May 2, 3:37 a.m. — The mandatory evacuation notice for Gregoire is reduced to what is called a voluntary, shelter-in-place notice and people are allowed to return. The 700 residents from the trailer park as well as another neighbourhood, Prairie Creek, remain out of their homes.
May 2, during the day — Aircraft drop fire retardant and ground crews work to protect homes. The fire is one-square-kilometre in size. “We are hopeful that we can stop this fire before it gets into town,” says Wood Buffalo fire Chief Darby Allen. The fire is within one kilometre of homes at points, but the wind is pushing it away from the city.
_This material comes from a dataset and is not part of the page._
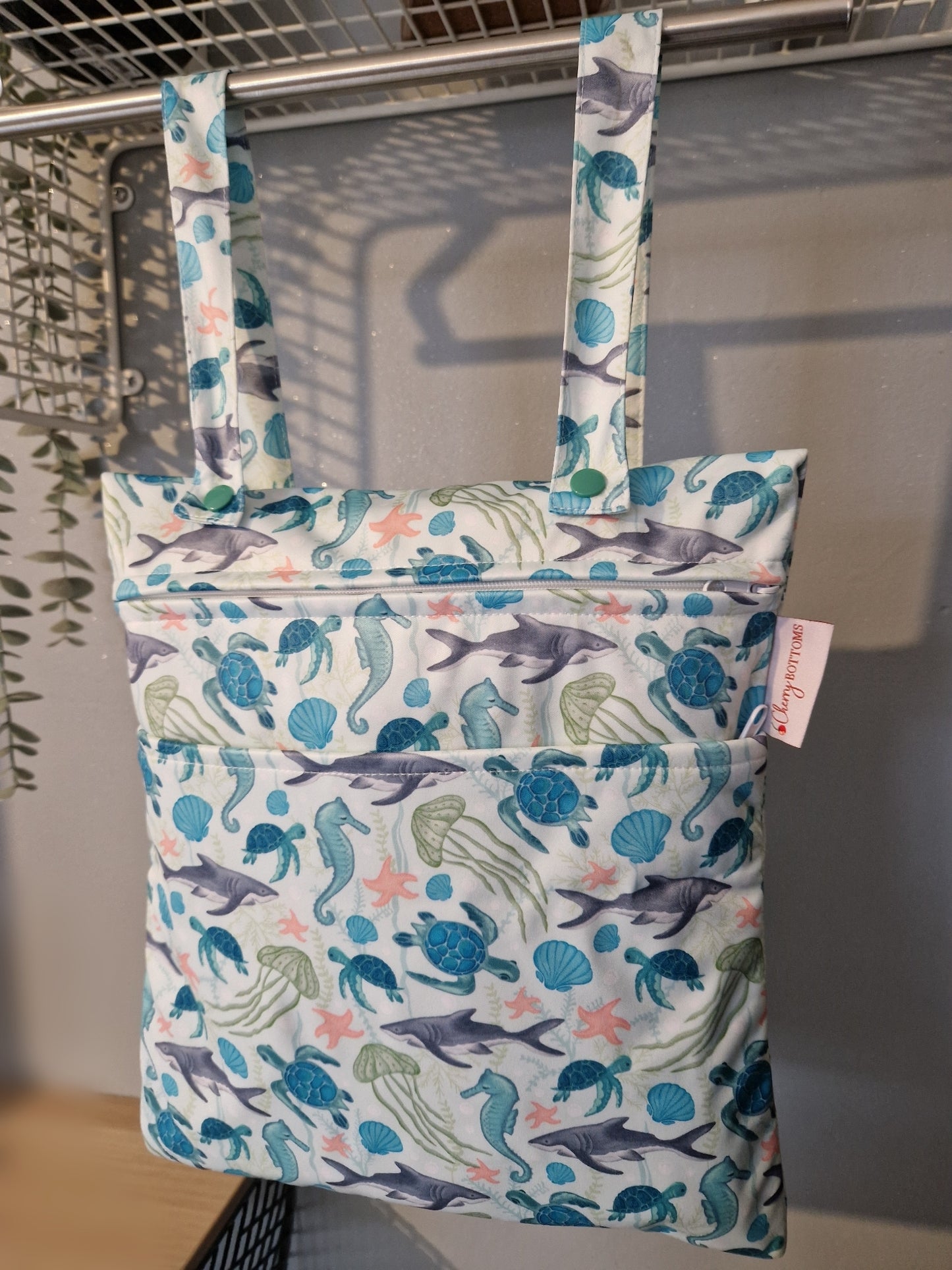 Cherrybottoms Medium Wetbag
The evacuation order for Prairie Creek is lifted in the evening. “All things considered, it is looking good,” says Mayor Melissa Blake.
Overnight on May 2 and the morning of May 3— The fire grows to 26 square kilometres, but is still moving away from the city. Life in Fort McMurray seems relatively normal. Allen warns people not to let their guard down.
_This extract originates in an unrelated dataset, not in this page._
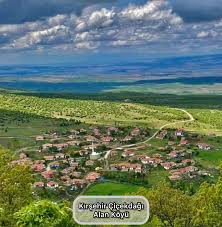 Çiçekdağı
May 3, 10:30 a.m. — A change in normal atmospheric conditions, called an inversion, breaks. This, coupled with temperatures in the range of 30 C, low humidity and shifting winds, causes the fire to explode.
May 3, 2:25 p.m. — Flames are heading toward the city and huge plumes of smoke are visible. Residents of three south-side neighbourhoods are ordered from their homes. There’s shock at how quickly the situation has deteriorated: “When I got in the shower earlier today the sky was blue. When I got out, the sky was black,” says resident Sandra Hickey.
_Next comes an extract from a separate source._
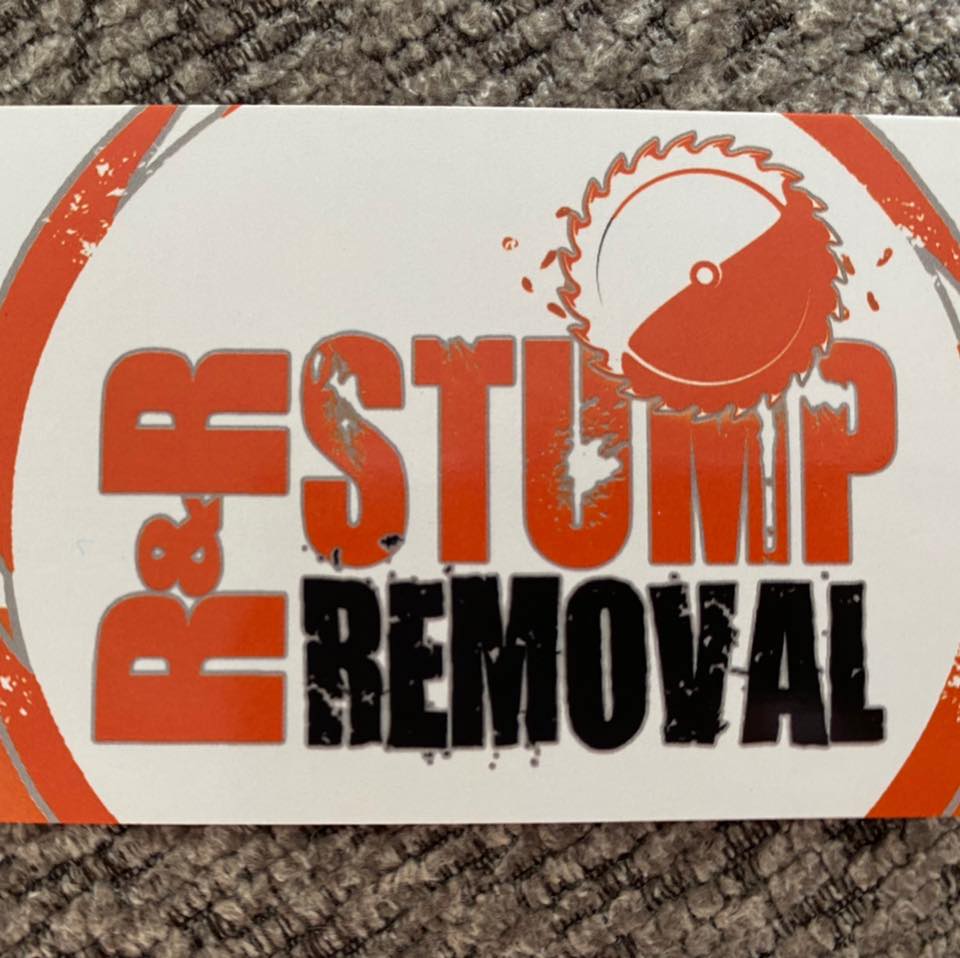 R&R Stump Removal | Bruceton TN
May 3, 3:45 p.m. — There’s chaos on the city’s south side as people flee towering walls of orange flame that are charging into neighbourhoods. Residents are told to head either north or south, depending on their location, on the one highway through town. The evacuated trailer park is on fire. Flames are advancing towards a Super8 motel and a gas station. “People are panicking. It’s gridlock on the roads,” says Carina Van Heerde, a reporter with radio station KAOS.
May 3, 5:22 p.m. — Alberta Premier Rachel Notley says the province is doing all it can to ensure everyone’s safety. Scott Long of Alberta Emergency Management says the flames have burned a number of structures, but he can’t say how many.
May 3, 6:31 p.m. — All of Fort McMurray is placed under a mandatory evacuation order.
May 3, 10:20 p.m. — Emergency officials say whole neighbourhoods have been destroyed. Still, there are no reports of serious injuries. Crews are trying to maintain crucial infrastructure, including the only bridge across the Athabasca River and Highway 63.
May 4, morning — Highway 63 leading south is “organized confusion.” Cars are strung along ditches and police are running jerry cans of gasoline to drivers who have run out. To the north of the city, thousands have taken refuge in oilsands work camps.
May 4, 10:23 a.m. — Notley says the wildfire has destroyed roughly 1,600 structures in the city.
May 4, 3:57 p.m. — The Alberta government declares a provincial state of emergency so it can take control of the response.
May 5, noon — The fire has ballooned to more than 850 square kilometres.
May 6, 6 a.m. — A massive convoy gets underway to move evacuees stranded at oilfield camps north of Fort McMurray through the fire-ravaged community to safe areas south of the oilsands capital.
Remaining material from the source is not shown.